In many animals and plants we find a difference in this connexion not only between kinds as compared with kinds, but also between similar individuals of the same kind as compared with each other, e.g. man with man or vine with vine. Some have much semen, others little, others again none at all, not through weakness but the contrary, at any rate in some cases. This is because the nutriment is used up to form the body, as with some human beings, who, being in good condition and developing much flesh or getting rather too fat, produce less semen and are less desirous of intercourse. Like this is what happens with those vines which 'play the goat', that is, luxuriate wantonly through too much nutrition, for he-goats when fat are less inclined to mount the female; for which reason they thin them before breeding from them, and say that the vines 'play the goat', so calling it from the condition of the goats. And fat people, women as well as men, appear to be less fertile than others from the fact that the secretion when in process of concoction turns to fat with those who are too well-nourished. For fat also is a healthy secretion due to good living.

In some cases no semen is produced at all, as by the willow and poplar. This condition is due to each of the two causes, weakness and strength; the former prevents concoction of the nutriment, the latter causes it to be all consumed, as said above. In like manner other animals produce much semen through weakness as well as through strength, when a great quantity of a useless secretion is mixed with it; this sometimes results in actual disease when a passage is not found to carry off the impurity, and though some recover of this, others actually die of it. For corrupt humours collect here as in the urine, which also has been known to cause disease.

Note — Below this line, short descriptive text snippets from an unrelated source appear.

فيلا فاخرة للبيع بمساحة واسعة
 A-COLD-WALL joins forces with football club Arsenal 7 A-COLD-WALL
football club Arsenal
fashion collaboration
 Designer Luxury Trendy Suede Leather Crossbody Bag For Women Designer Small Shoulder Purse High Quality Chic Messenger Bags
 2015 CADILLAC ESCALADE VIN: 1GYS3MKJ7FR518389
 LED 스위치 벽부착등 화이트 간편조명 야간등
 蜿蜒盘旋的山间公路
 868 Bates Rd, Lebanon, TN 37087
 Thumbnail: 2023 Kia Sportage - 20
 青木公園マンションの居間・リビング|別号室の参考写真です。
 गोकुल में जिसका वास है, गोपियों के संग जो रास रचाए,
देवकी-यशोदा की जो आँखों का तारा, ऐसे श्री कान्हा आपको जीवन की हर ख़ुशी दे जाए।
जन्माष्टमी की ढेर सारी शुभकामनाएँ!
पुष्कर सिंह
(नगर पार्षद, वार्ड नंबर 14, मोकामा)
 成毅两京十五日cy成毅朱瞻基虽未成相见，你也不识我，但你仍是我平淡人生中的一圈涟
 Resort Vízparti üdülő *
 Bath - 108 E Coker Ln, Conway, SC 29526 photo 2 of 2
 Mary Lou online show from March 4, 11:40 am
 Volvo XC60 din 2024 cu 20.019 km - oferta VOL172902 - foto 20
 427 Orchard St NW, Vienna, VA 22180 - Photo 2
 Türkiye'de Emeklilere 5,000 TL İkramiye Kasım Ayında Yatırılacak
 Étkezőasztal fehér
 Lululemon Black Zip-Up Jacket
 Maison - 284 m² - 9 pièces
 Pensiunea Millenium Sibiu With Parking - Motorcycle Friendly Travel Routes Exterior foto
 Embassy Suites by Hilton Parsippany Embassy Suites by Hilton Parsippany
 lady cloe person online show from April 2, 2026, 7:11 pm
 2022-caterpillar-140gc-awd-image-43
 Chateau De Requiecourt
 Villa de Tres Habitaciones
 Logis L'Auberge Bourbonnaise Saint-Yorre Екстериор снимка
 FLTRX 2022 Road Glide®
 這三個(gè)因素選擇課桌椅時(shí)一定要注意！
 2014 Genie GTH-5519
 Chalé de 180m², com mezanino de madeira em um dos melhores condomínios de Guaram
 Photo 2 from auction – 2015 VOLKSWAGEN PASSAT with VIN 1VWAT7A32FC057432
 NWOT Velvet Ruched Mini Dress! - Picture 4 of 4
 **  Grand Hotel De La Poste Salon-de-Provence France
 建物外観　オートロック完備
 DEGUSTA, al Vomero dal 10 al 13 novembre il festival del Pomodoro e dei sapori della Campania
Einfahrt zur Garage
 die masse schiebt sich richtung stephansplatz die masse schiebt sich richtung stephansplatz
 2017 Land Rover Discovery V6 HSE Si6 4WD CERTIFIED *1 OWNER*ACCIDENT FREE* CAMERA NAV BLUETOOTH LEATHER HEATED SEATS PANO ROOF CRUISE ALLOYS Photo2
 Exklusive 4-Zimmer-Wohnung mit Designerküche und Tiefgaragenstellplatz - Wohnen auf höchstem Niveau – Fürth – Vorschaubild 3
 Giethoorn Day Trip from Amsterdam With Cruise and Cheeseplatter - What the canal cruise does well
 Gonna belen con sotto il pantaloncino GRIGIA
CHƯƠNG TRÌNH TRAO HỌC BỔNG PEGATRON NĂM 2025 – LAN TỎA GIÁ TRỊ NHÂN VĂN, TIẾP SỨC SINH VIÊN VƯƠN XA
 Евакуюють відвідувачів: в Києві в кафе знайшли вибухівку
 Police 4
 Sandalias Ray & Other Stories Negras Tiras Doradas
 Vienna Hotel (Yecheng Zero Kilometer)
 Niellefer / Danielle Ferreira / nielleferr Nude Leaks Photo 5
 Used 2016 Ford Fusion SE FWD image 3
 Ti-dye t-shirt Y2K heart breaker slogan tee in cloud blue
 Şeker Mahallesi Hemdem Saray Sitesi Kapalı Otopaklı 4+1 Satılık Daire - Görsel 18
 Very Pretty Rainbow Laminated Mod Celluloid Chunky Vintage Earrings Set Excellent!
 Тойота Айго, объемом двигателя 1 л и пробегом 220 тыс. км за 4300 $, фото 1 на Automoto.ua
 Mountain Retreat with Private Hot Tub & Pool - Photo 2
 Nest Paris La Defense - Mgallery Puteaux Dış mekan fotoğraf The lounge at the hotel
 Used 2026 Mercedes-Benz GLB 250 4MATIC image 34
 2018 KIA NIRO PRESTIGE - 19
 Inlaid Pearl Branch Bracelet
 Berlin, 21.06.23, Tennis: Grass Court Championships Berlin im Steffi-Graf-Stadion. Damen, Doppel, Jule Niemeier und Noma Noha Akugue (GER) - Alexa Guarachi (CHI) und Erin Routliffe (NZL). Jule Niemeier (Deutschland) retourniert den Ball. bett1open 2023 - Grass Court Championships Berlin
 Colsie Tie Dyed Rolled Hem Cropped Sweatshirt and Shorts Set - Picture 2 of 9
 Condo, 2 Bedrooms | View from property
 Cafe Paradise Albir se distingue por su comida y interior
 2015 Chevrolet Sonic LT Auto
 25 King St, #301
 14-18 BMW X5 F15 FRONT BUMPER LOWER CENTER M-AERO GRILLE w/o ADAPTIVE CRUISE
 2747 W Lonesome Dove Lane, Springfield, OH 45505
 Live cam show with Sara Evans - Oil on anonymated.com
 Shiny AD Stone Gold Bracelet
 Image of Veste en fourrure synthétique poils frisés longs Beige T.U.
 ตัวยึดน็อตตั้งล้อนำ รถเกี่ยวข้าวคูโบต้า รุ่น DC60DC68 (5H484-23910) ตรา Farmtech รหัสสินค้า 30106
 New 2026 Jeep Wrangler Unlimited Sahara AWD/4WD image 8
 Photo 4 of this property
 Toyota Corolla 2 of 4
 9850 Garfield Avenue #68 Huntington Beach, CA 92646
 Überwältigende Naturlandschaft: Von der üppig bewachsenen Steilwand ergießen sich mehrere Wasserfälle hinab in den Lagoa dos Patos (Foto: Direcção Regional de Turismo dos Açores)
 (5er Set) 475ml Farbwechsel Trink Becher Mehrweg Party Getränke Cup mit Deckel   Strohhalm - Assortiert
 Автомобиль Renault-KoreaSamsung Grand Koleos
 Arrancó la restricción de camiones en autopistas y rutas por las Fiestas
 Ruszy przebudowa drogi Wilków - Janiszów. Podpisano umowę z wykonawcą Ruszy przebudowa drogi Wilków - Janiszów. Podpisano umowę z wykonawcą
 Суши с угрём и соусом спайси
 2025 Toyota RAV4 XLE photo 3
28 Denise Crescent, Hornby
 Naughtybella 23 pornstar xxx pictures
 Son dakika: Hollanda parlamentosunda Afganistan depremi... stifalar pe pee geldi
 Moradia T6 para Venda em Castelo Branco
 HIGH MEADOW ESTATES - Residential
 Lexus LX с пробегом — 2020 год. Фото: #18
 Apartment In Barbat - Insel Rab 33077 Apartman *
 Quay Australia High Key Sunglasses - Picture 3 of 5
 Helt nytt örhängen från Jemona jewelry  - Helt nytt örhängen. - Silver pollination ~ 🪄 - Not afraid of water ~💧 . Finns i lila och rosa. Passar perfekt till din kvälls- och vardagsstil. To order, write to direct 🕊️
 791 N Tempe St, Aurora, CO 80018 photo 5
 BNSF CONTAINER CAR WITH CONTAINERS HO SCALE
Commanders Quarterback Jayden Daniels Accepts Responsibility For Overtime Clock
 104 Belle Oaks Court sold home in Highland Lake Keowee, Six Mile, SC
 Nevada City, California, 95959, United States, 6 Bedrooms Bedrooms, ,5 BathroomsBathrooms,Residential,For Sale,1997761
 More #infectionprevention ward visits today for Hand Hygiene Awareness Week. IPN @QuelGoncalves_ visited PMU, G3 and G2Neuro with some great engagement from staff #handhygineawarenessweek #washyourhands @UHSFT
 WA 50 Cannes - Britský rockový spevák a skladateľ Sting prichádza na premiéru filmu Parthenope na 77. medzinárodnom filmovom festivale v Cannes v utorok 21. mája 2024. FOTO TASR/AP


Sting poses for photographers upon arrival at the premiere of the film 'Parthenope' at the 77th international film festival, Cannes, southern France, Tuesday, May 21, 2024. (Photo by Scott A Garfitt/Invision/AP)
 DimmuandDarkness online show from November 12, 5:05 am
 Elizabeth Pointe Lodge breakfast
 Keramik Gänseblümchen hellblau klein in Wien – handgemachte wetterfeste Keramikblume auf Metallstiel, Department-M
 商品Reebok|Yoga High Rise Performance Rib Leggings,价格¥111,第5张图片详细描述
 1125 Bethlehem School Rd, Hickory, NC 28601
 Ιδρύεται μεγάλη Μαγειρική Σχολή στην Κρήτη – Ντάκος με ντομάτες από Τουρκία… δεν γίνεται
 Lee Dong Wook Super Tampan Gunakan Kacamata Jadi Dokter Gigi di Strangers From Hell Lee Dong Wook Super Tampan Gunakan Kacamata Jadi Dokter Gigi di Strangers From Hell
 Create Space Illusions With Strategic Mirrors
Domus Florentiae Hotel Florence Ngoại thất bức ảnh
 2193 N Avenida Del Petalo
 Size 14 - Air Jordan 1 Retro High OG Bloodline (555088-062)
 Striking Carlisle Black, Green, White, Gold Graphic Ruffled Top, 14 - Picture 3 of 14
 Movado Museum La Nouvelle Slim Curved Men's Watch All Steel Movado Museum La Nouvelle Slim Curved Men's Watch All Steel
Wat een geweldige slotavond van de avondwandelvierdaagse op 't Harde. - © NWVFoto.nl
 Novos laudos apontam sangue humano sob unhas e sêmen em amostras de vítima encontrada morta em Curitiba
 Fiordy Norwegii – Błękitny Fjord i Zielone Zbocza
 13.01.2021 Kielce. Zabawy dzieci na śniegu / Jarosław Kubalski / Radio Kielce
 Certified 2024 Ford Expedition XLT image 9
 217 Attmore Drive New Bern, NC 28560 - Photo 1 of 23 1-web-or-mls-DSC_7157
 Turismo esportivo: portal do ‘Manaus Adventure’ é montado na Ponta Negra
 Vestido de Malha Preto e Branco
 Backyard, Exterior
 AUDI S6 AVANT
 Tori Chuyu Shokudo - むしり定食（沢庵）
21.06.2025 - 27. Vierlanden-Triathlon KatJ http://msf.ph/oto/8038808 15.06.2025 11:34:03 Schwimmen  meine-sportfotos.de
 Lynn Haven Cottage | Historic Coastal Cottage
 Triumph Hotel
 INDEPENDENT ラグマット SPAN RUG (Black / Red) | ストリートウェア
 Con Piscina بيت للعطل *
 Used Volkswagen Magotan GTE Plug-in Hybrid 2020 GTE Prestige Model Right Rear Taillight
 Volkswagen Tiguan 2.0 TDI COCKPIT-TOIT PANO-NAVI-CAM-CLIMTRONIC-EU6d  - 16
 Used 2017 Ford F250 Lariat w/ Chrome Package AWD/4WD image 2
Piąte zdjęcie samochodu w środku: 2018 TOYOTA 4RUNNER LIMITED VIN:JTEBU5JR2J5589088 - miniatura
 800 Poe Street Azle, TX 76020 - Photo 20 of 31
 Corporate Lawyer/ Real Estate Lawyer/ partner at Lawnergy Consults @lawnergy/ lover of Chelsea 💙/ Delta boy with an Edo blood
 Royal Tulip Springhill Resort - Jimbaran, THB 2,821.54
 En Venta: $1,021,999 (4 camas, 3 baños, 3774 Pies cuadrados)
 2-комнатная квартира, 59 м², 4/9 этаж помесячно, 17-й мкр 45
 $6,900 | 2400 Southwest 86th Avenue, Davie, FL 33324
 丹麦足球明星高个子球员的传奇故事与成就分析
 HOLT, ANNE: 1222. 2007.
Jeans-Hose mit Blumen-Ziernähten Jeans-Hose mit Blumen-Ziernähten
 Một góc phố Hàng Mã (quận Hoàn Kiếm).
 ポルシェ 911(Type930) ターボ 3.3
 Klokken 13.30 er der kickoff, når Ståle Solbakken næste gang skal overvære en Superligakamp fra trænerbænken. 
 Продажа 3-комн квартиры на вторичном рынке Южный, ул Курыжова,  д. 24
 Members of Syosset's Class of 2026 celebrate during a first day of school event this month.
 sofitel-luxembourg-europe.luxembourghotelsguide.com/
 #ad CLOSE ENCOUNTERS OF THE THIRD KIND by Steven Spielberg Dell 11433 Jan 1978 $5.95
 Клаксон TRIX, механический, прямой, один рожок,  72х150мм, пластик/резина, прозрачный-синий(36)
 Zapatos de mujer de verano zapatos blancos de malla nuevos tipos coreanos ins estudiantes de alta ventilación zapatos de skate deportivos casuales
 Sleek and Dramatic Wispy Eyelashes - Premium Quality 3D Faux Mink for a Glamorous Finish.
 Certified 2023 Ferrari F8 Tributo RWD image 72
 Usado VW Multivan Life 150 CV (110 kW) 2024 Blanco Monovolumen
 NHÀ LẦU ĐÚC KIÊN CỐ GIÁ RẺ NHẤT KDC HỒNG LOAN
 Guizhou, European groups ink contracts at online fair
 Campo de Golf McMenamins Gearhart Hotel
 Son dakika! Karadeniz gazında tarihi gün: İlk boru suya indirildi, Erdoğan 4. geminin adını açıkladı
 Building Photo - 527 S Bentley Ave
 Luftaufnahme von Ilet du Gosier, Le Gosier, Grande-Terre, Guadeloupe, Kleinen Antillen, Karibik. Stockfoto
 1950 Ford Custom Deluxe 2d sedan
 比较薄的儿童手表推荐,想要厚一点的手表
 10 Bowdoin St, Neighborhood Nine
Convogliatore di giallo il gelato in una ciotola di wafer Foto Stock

[Further the same passage serves for urine and semen; and whatever animals have both kinds of excrement, that of liquid and that of solid nutriment, discharge the semen by the same passage as the liquid excrement (for it is a secretion of a liquid, since the nutriment of all animals is rather liquid than solid), but those which have no liquid excrement discharge it at the passage of the solid residua. Moreover, waste-products are always morbid, but the removal of the secretion is useful; now the discharge of the semen participates in both characteristics because it takes up some of the non-useful nutriment. But if it were a waste-product it would be always harmful; as it is, it is not so.]

From what has been said, it is clear that semen is a secretion of useful nutriment, and that in its last stage, whether it is produced by all or no.